Frankfurt am Main, Germany

About

 

The Frankfurt Garden, hosted by the Cooperative Brain Imaging Center (CoBIC), explores how modern EEG and MEG research is moving beyond traditional laboratory settings into the real world. Under the theme "Brains in the Wild – Practical M/EEG Experiments under Real-World Conditions", we focus on the methodological challenges and opportunities of studying brain activity during naturalistic paradigms, movement, immersive virtual reality, music, and other naturalistic scenarios.

Bringing together leading researchers in mobile EEG, immersive neuroimaging, music neuroscience, wearable technologies, and advanced data analysis, the programme combines international scientific exchange with extensive hands-on experience.
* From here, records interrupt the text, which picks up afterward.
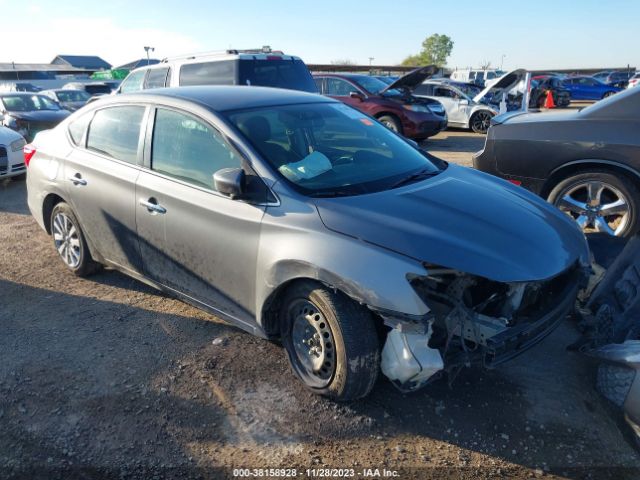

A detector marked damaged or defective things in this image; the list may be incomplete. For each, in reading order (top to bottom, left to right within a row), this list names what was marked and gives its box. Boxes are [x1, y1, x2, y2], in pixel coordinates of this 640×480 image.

damaged silver sedan [27, 87, 592, 402]
crumpled hood [316, 163, 592, 284] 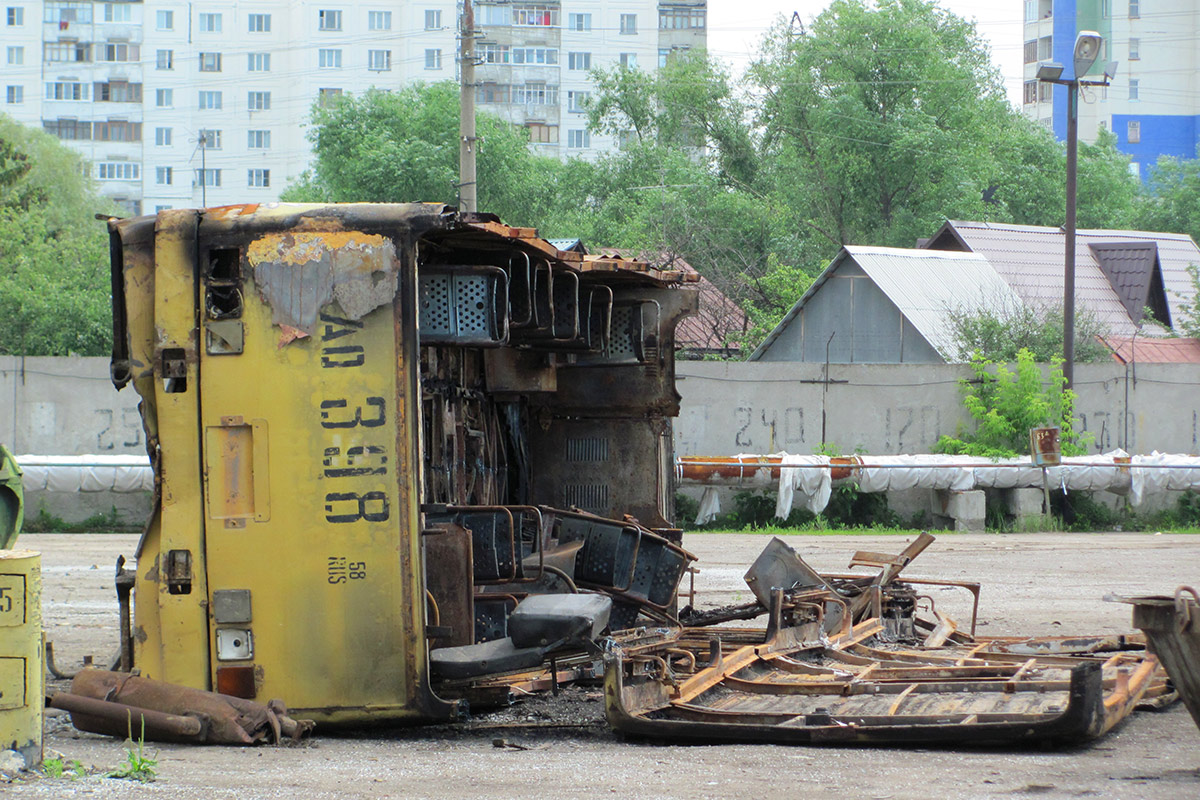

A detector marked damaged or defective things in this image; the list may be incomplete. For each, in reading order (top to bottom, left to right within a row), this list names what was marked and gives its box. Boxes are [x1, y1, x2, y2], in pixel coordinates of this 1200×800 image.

peeling paint surface [248, 231, 398, 335]
overturned burnt bus [109, 205, 700, 724]
overturned burnt bus [604, 537, 1166, 753]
Participants will explore the complete experimental workflow through invited talks, interactive workshops, live demonstrations, and experimental showcases.

What makes the Frankfurt Garden unique is its emphasis on learning by doing. Alongside the internationally coordinated CuttingGardens programme, participants will experience activities that can only be found locally, including live mobile EEG and MEG demonstrations, immersive virtual reality experiments, wearable neurotechnology, music neuroscience, and a guided visit to the interdisciplinarySenckenberg Brain Exhibition. Throughout the week, approximately 60 participants from Germany and across Europe will join the worldwide CuttingGardens community, connecting with researchers across around 30 Gardens on five continents.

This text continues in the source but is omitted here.